### Work instructions
Print the records below exactly, from the line containing "Lancaster Sun Perfect" down to the line containing "Antares_avm_ya", both lines included, and omit every picture.

BEGIN Input

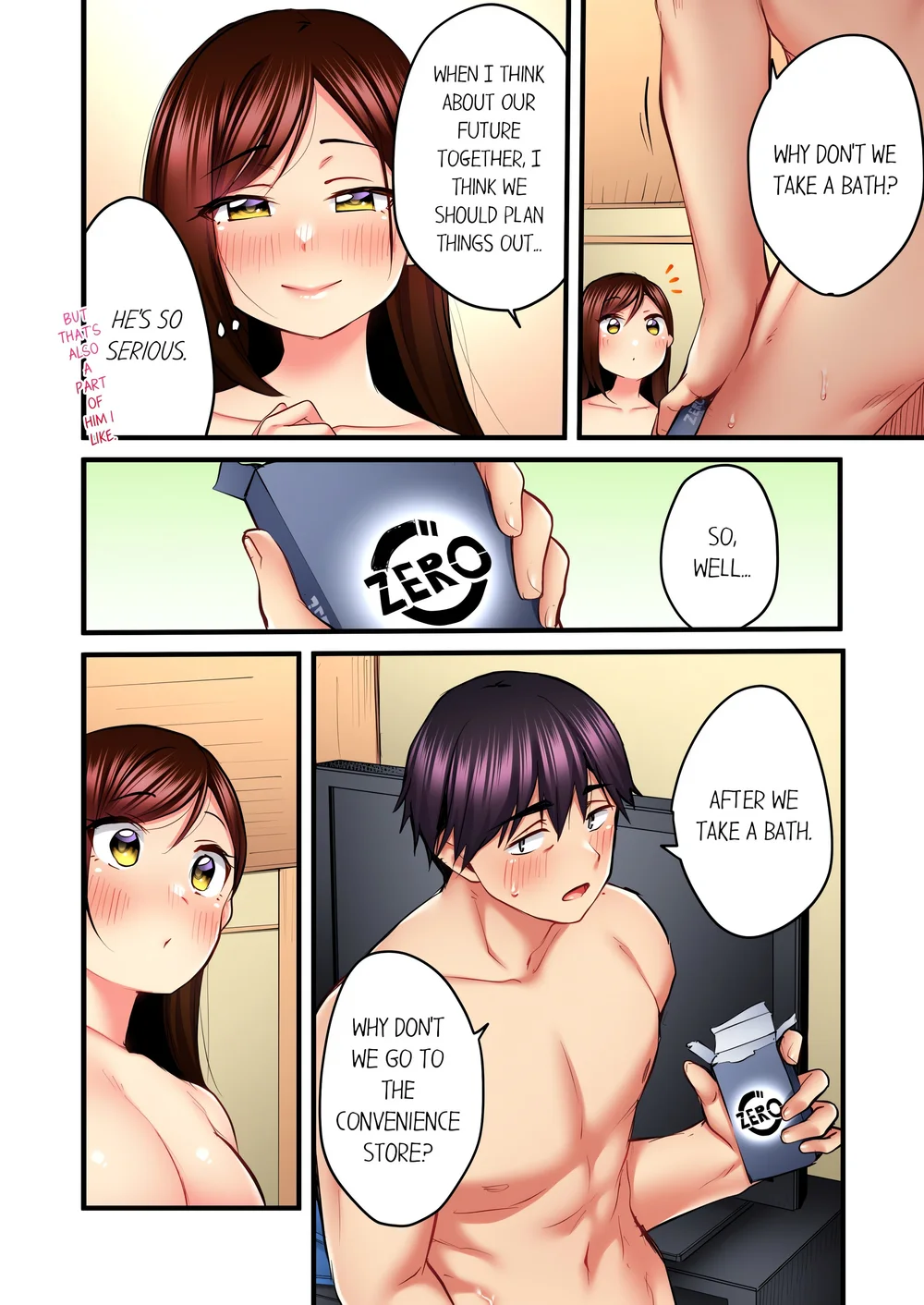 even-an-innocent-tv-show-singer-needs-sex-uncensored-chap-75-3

END Input
BEGIN Input

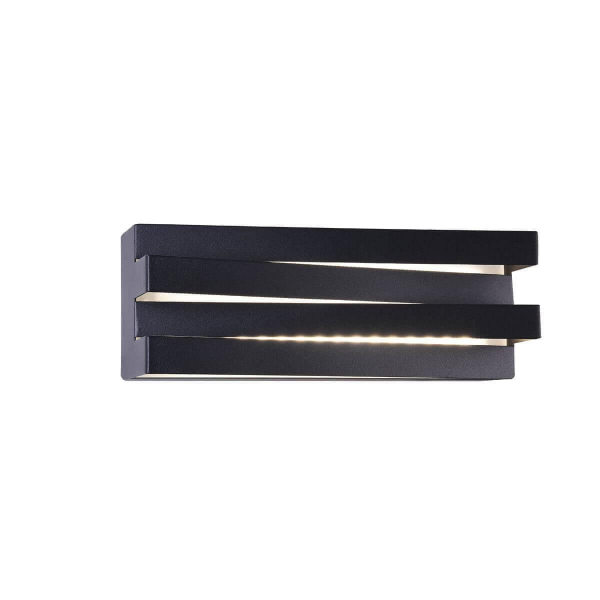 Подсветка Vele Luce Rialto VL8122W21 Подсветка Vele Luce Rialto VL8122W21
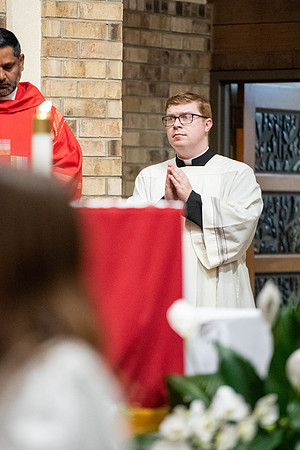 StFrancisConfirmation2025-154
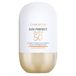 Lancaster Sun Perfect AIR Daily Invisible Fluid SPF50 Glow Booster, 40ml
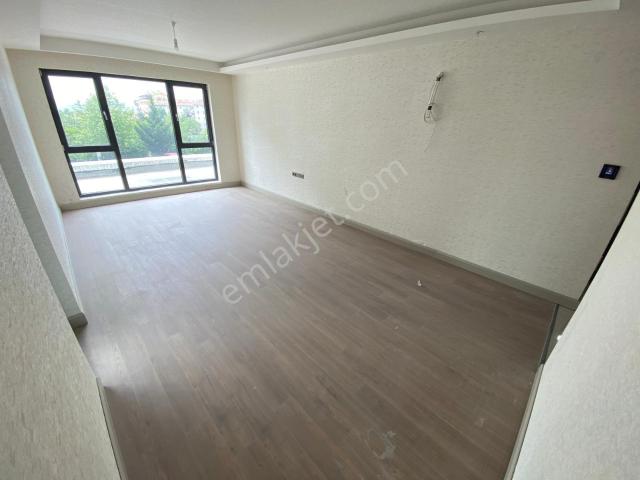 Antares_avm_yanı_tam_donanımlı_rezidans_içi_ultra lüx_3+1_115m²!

END Input

### Your solution
 Lancaster Sun Perfect AIR Daily Invisible Fluid SPF50 Glow Booster, 40ml
 Antares_avm_yanı_tam_donanımlı_rezidans_içi_ultra lüx_3+1_115m²!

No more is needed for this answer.